Where a competition is “betting”
A competition which involves guessing the outcome of a race or other event, or the likelihood of something occurring or not, or whether something is true or not, will be betting if payment is required to enter that competition. It does not matter whether or not the race or other event, whose result is being forecast, has already occurred, or whether or not one party knows the outcome. Guessing includes predicting using skill or judgment. A betting operating licence will be required to run such a competition.
Where a competition is “gaming”
If a skill competition involves “playing a game of chance”, it will be gaming – and so require the appropriate licence, usually a casino operating licence – whether or not any payment is involved. A game of chance includes a game involving elements of both chance and skill (and even if the chance element can be eliminated by superlative skill) other than a sport and it does not matter whether or not there are more than one participants.

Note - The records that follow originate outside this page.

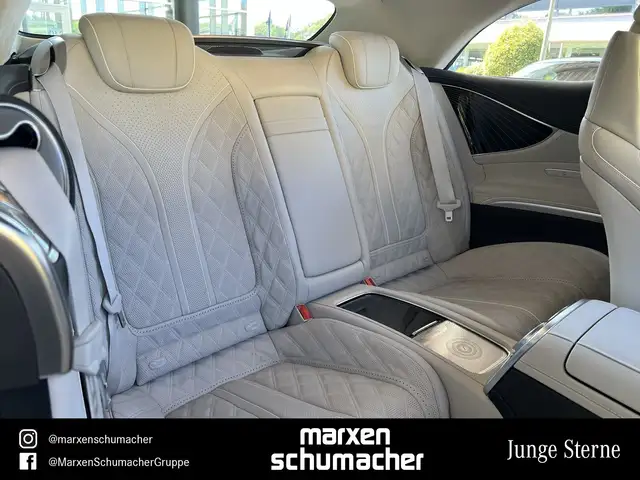 Mercedes-Benz S-Class view 14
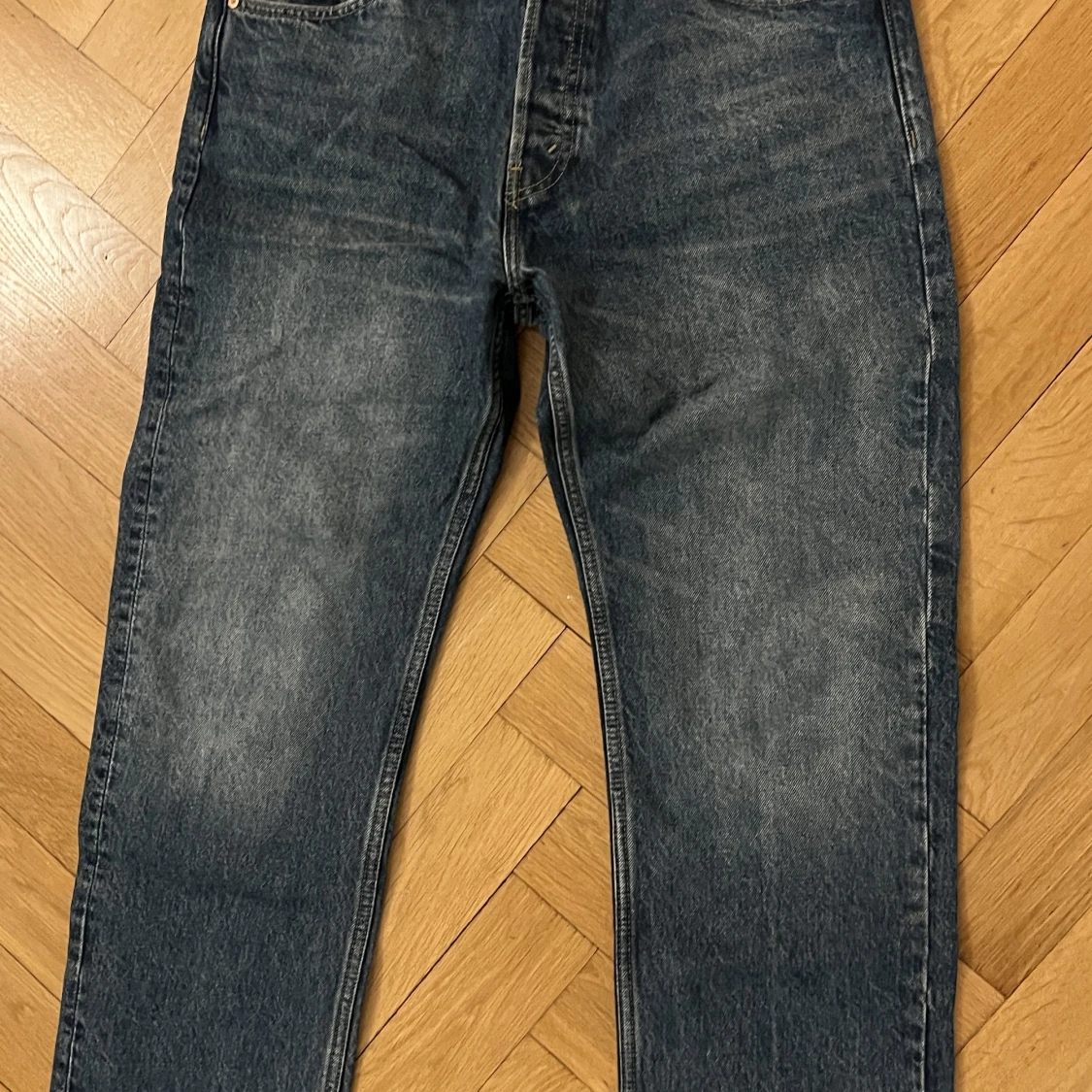 Mörkblå weekday jeans - 90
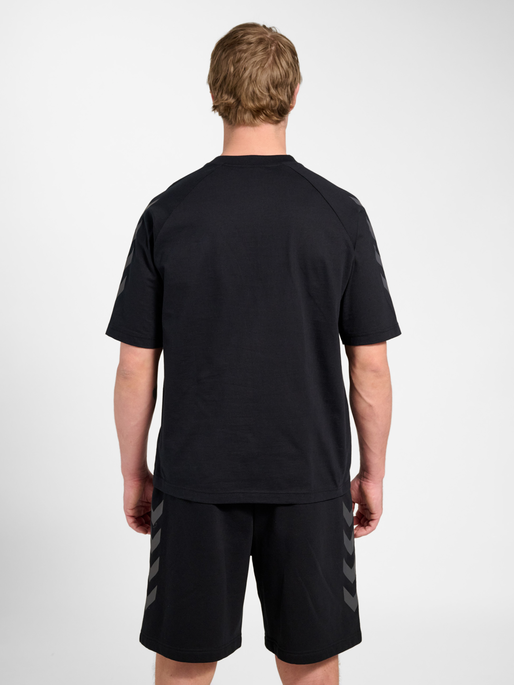 hmlKEEPER CHEVRON T-SHIRT S/S, BLACK, model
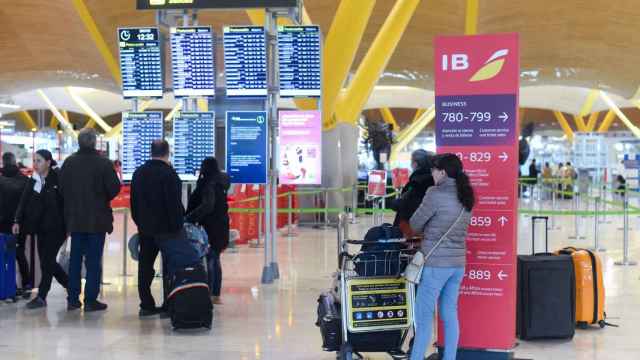 Viajeros del Aeropuerto Madrid-Barajas Adolfo Suárez.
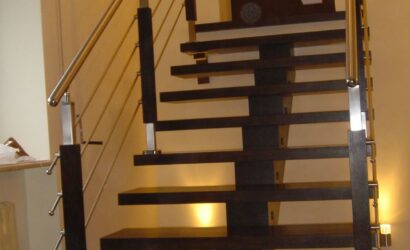 Schody policzkowe z metalowymi balustradami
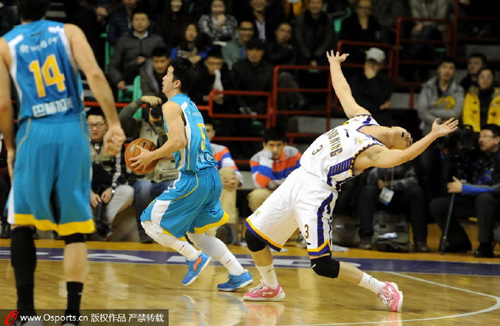  三球鲍尔全能表现黄蜂末节逆转击败公牛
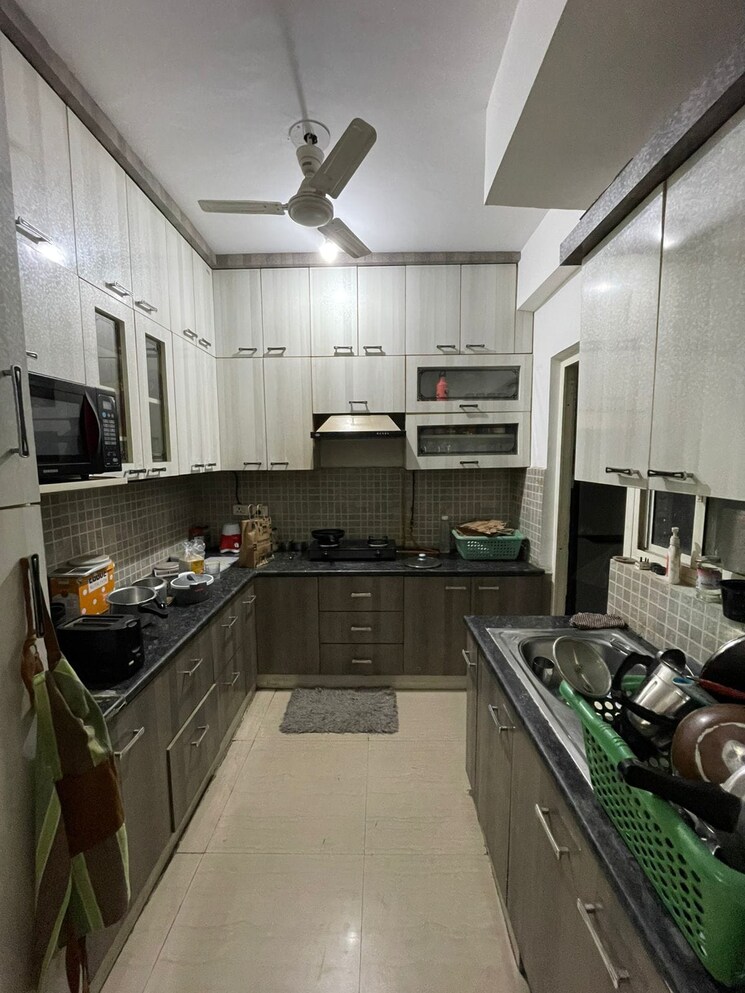 Kitchen, nimbus-the-hyde-park 3 Bedroom 1550 Sq.Ft. Apartment In Sector 78 Noida 9675598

Where a competition is a “lottery”
It is a criminal offence to run a lottery unless either you have a lottery operating licence or the lottery is exempt from the licensing requirement because it is a private lottery (e.g. a workplace lottery), a customer lottery, an incidental non-commercial lottery or a small society lottery and in each case the exempt lottery fulfils certain conditions set out in the Act.

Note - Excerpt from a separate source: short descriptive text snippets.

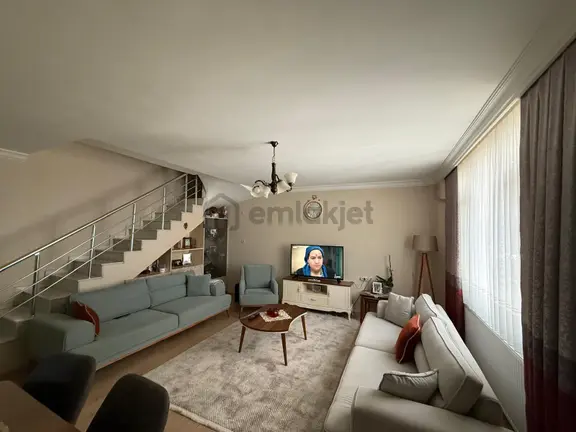 Mithat Paşa Mahallesin'de 4+1 Tripleks Satılık 1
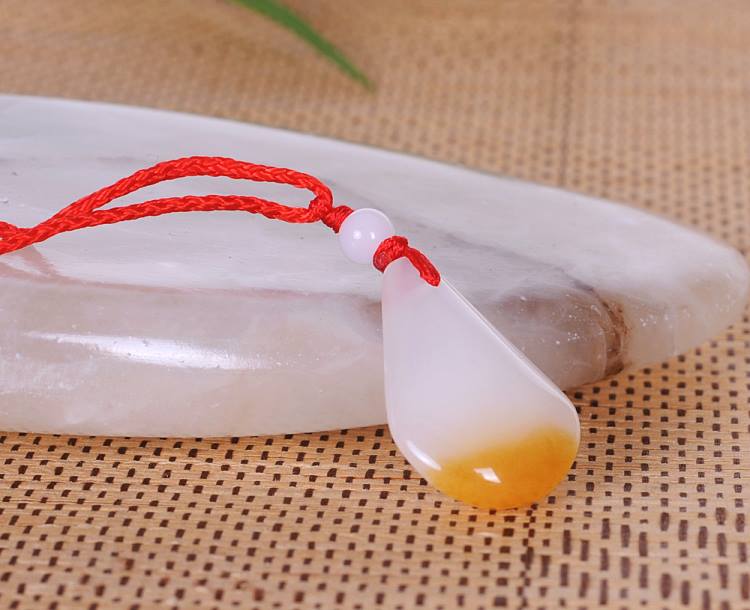 御缘阁 天然新疆玉器玉石吊坠 康瓦石俏色水滴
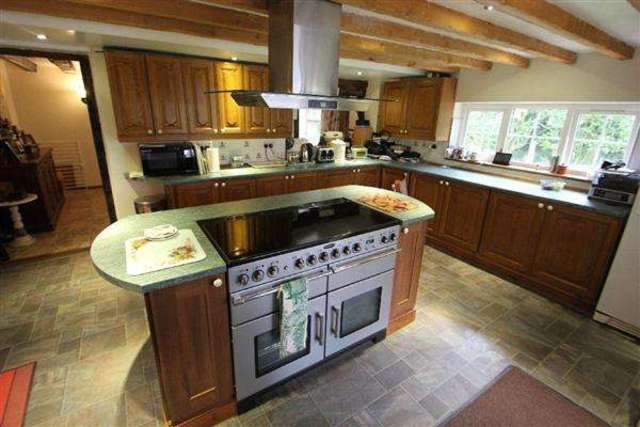  Image of 4 bedroom Detached house for sale in Hasketon Woodbridge IP13 at Woodbridge, IP13 6JP
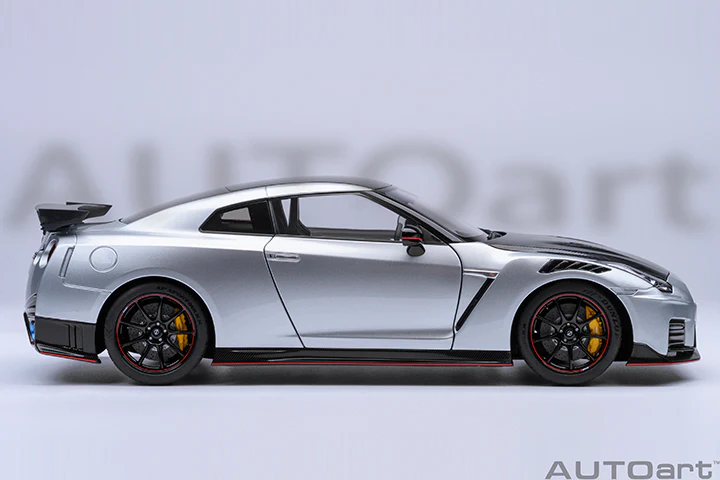 AUTOart 2022 Nissan Skyline GT-R (R35) Nismo Special Edition Ultimate Metal Silver 1:18 - Image 4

Small society lotteries (that is, lotteries below certain financial thresholds which are operated by non-commercial societies) still need to be registered with the local licensing authority.

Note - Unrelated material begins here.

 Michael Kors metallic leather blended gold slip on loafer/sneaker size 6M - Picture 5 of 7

Lottery operating licences are only available to local authorities or non-commercial societies (or external lottery managers managing lotteries on their behalf). A commercial organisation cannot get a lottery operating licence for its own promotional purposes – see here.
Incidental non commercial lotteries
Incidental non-commercial lotteries – typically raffles at one-off charity fundraising events – are, generally exempt under the Act provided certain conditions are met as detailed below, but for most organisations, they are little help to avoid the scope of the Act. They must for example, be incidental to an event which is not (and is not intended to be) profit making, and the lottery must not be promoted for private gain. Tickets can only be sold at the event and only during the event and the results must be announced before the end of the event. This offers no reprieve for those organisations looking to operate a profit making enterprise.
The Limited Exemptions for Customer Lotteries
The Act introduced a new exemption for customer lotteries, but the conditions for exemption mean this is unlikely to be very useful in practice. These conditions include the following:
- a maximum win of £50 per ticket;
- tickets must be supplied only to people who are on the promoter’s business premises as customers;
- no advertisement outside the business premises.
- no profits may be made;
- no rollover; and
- not more than one draw in any 7 day period.
Consequences of non- compliance
Any individual or company involved in promoting or managing an illegal lottery – including a competition which is a “lottery”- is guilty of a criminal offence under the Act and on conviction is liable to a fine of up to £5,000 and/or imprisonment for up to 51 weeks.
If the competition does not satisfy the skill requirement, and involves payment (without a free entry alternative) the competition must meet the requirements of the Act, and applications for licensing must be made to the Gambling Commission.
The costs of application depend on the type of licence required and the category of fees applicable.